__Stored items__:
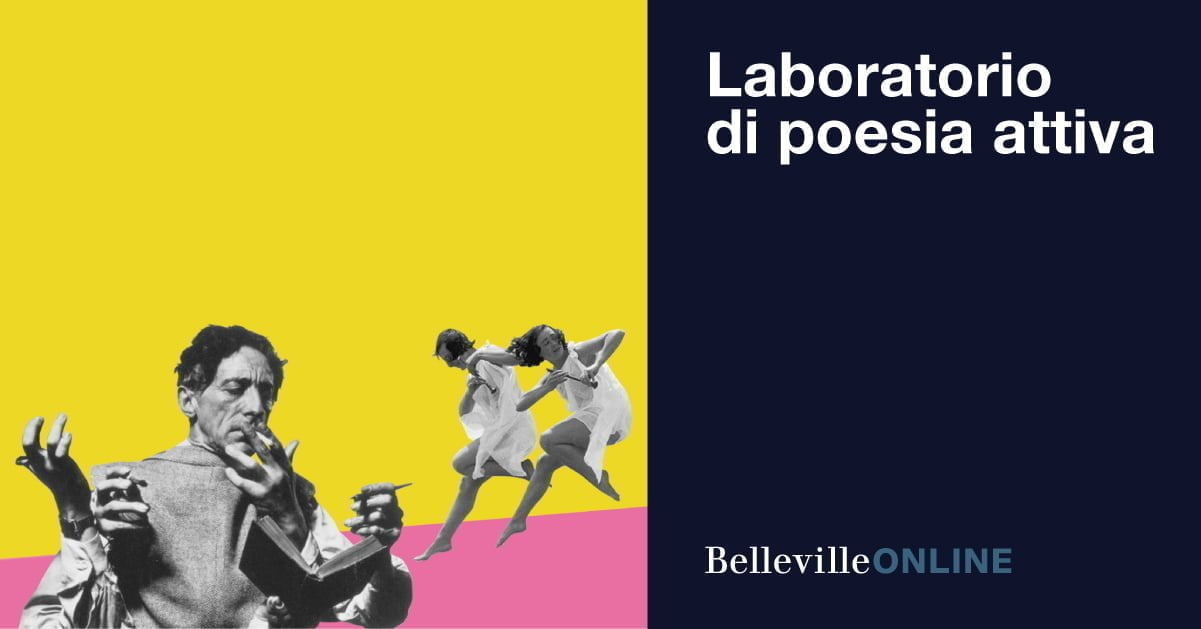 Laboratorio di poesia attiva, vincitore borsa di studio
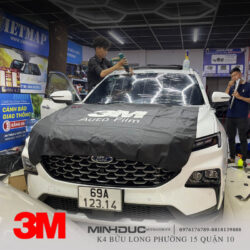 Phim Cách Nhiệt 3M Crytalline Cho Ford Territory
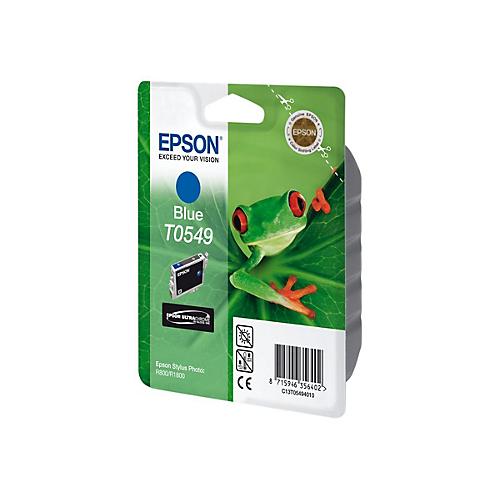 Epson T0549 - Blau - original - Tintenpatrone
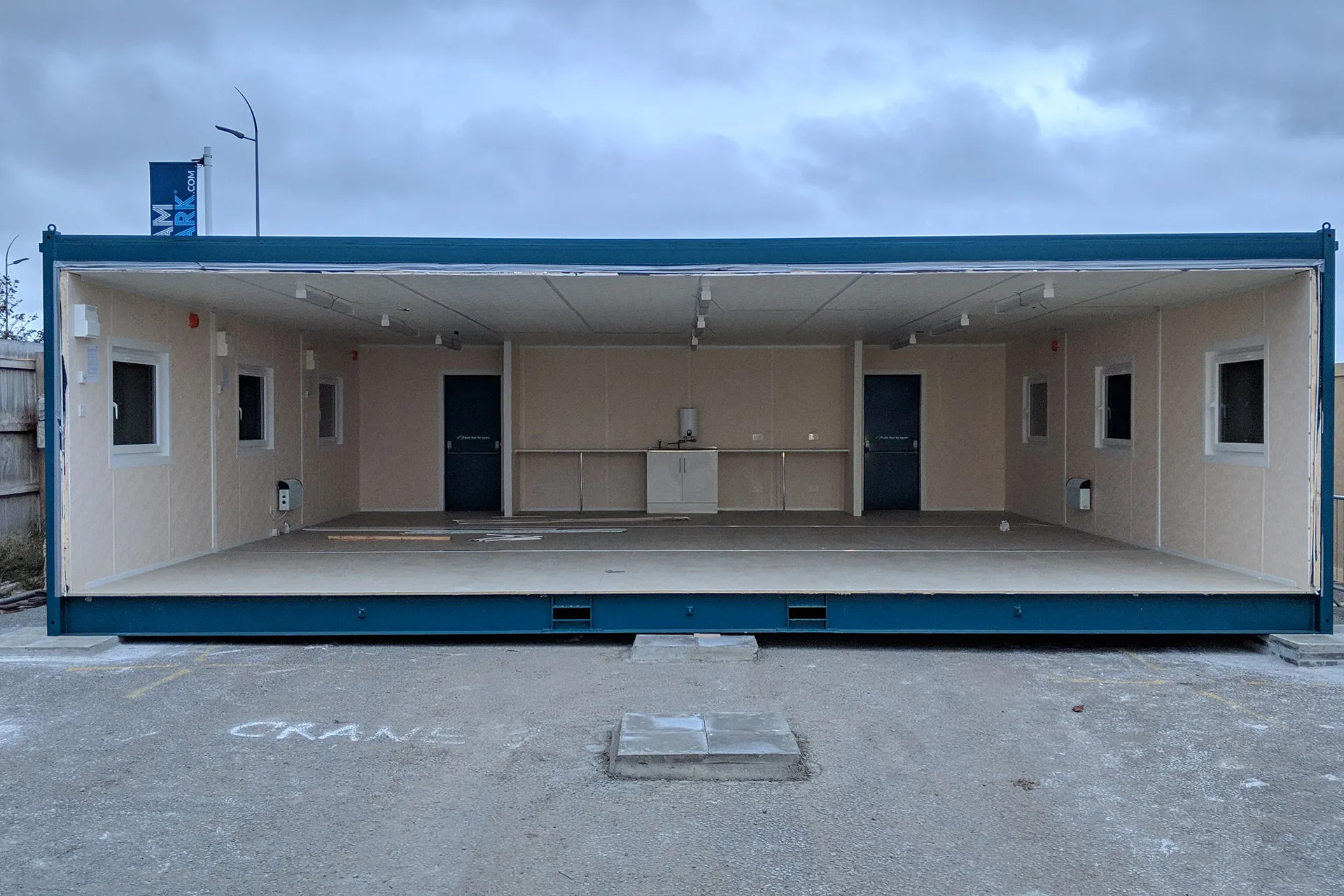 3 Bay Anti-Vandal Modular Building - Image 3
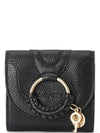 Hana Square Wallet Black - CHLOE - BALAAN 2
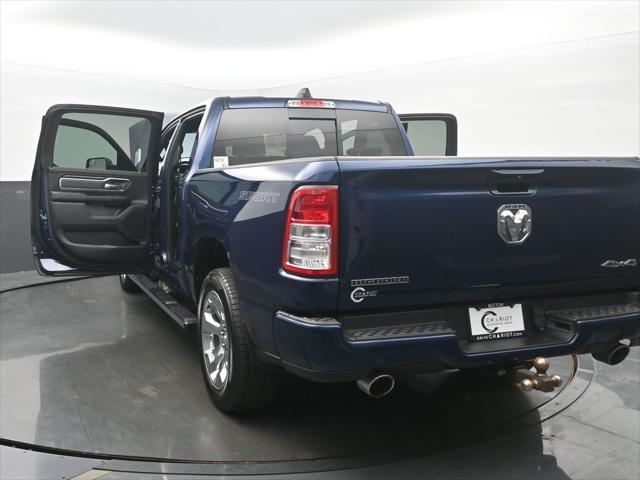 2022 Ram 1500 Big Horn Crew Cab 4x4 5'7" Box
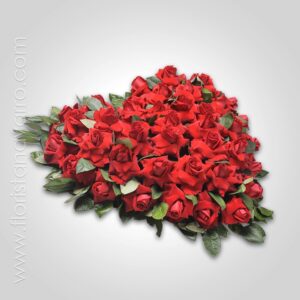 Corazón De Rosas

__DIRECTIONS__:
Every entry above is to be copied verbatim, with the pictures removed.

__OUTPUT OF THE TASK__:
 Laboratorio di poesia attiva, vincitore borsa di studio
 Phim Cách Nhiệt 3M Crytalline Cho Ford Territory
 Epson T0549 - Blau - original - Tintenpatrone
 3 Bay Anti-Vandal Modular Building - Image 3
 Hana Square Wallet Black - CHLOE - BALAAN 2
 2022 Ram 1500 Big Horn Crew Cab 4x4 5'7" Box
 Corazón De Rosas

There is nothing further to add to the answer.